Image-caption web data:
========================================

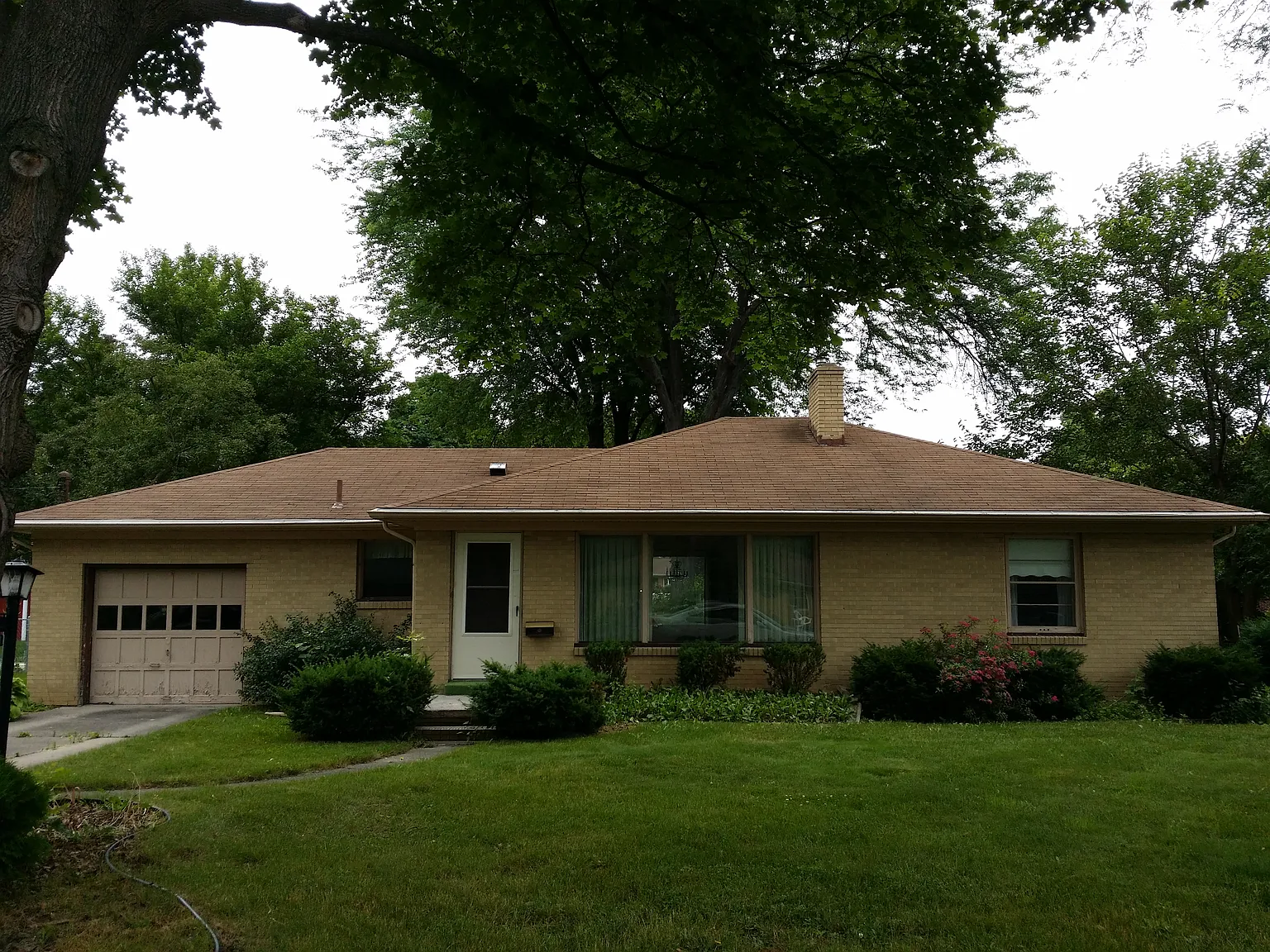 850 Orchard Ct photo 1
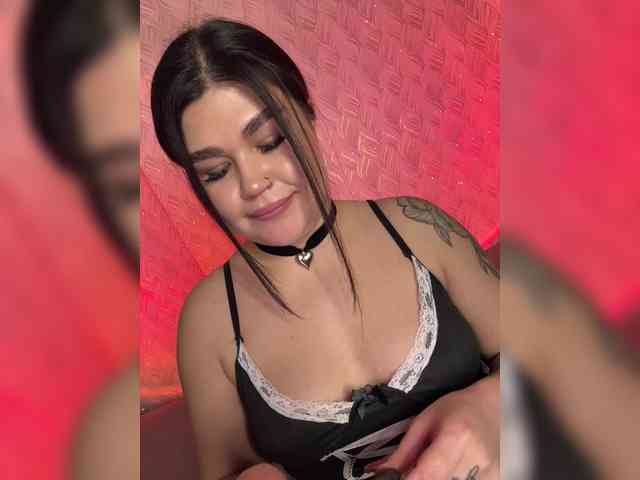 suchka-black- webcam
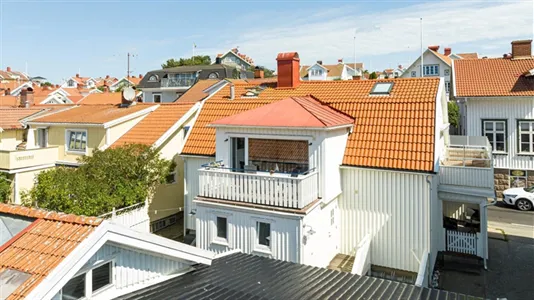 Bostadsrätter till salu i Tanum - foto 3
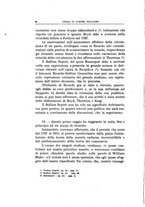 giornale/MIL0122595/1933/unico/00000082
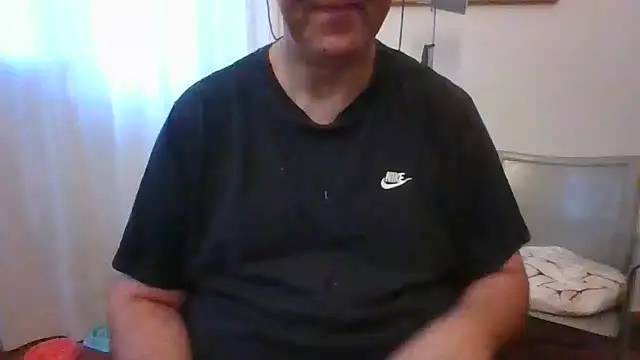 Snapshot of ANONIMO7735 chatting on June 2026 04:43:01 AM ANONIMO7735 online show from June 2026 04:43:01 AM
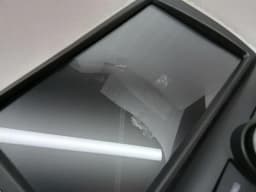 AUDI Audi R8 Type 42 5.2 V10 Monitor Carplay Android Sat Nav Display Screen ZM1007 — thumbnail 7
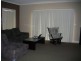 7 Kayla Way, Kurunjang VIC 3337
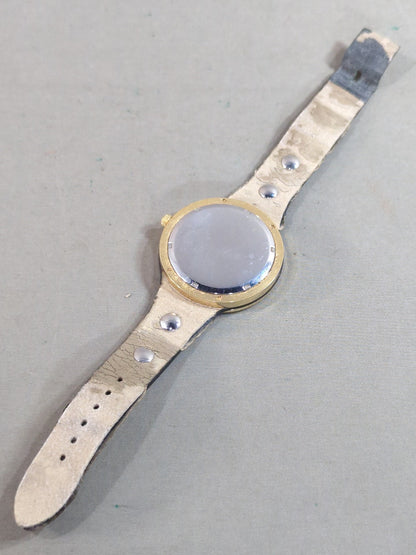 ★ First IWGP★ New Japan Pro Wrestling Champion Belt Watch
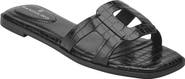 Bandolino Vienma Slide Sandal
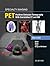 Specialty Imaging: PET - E-...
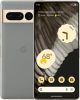 Google - Pixel 7 Pro 256GB (Unlocked) - Hazel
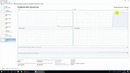 Внезапно стала нагреваться видеокарта / Вирус-майнер (nvvkdv.exe)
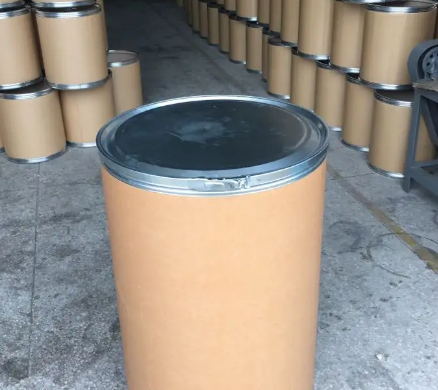 子囊霉素11011-38-4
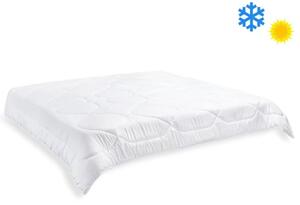 Brotex Prikrývka Luxus plus 240x220cm celoročná 1580g (300g/m2)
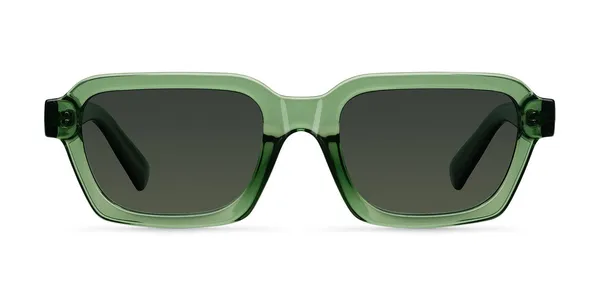 ADISA All Olive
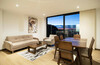 72 Hub Apartments - Pool - Gym - Sauna - Pet Friendly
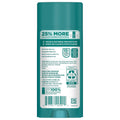 TomâS of Maine Unscented Natural Deodorant for Women and Men, Aluminum Free, 3.25 Oz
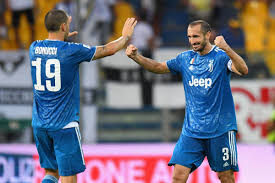 Деян кулусевски | dejan kulusevski. Juventus Parma Rn2vgtv15yeeem Final Del Partido Juventus 3 Parma 1 Snuffy101in1001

========================================

Work required. Each line above that falls between the line with "Snapshot of ANONIMO7735" and the line with "ADISA All Olive" should be printed exactly, together with those two lines, but the pictures should not.

Written response.
 Snapshot of ANONIMO7735 chatting on June 2026 04:43:01 AM ANONIMO7735 online show from June 2026 04:43:01 AM
 AUDI Audi R8 Type 42 5.2 V10 Monitor Carplay Android Sat Nav Display Screen ZM1007 — thumbnail 7
 7 Kayla Way, Kurunjang VIC 3337
 ★ First IWGP★ New Japan Pro Wrestling Champion Belt Watch
 Bandolino Vienma Slide Sandal
 Specialty Imaging: PET - E-...
 Google - Pixel 7 Pro 256GB (Unlocked) - Hazel
 Внезапно стала нагреваться видеокарта / Вирус-майнер (nvvkdv.exe)
 子囊霉素11011-38-4
 Brotex Prikrývka Luxus plus 240x220cm celoročná 1580g (300g/m2)
 ADISA All Olive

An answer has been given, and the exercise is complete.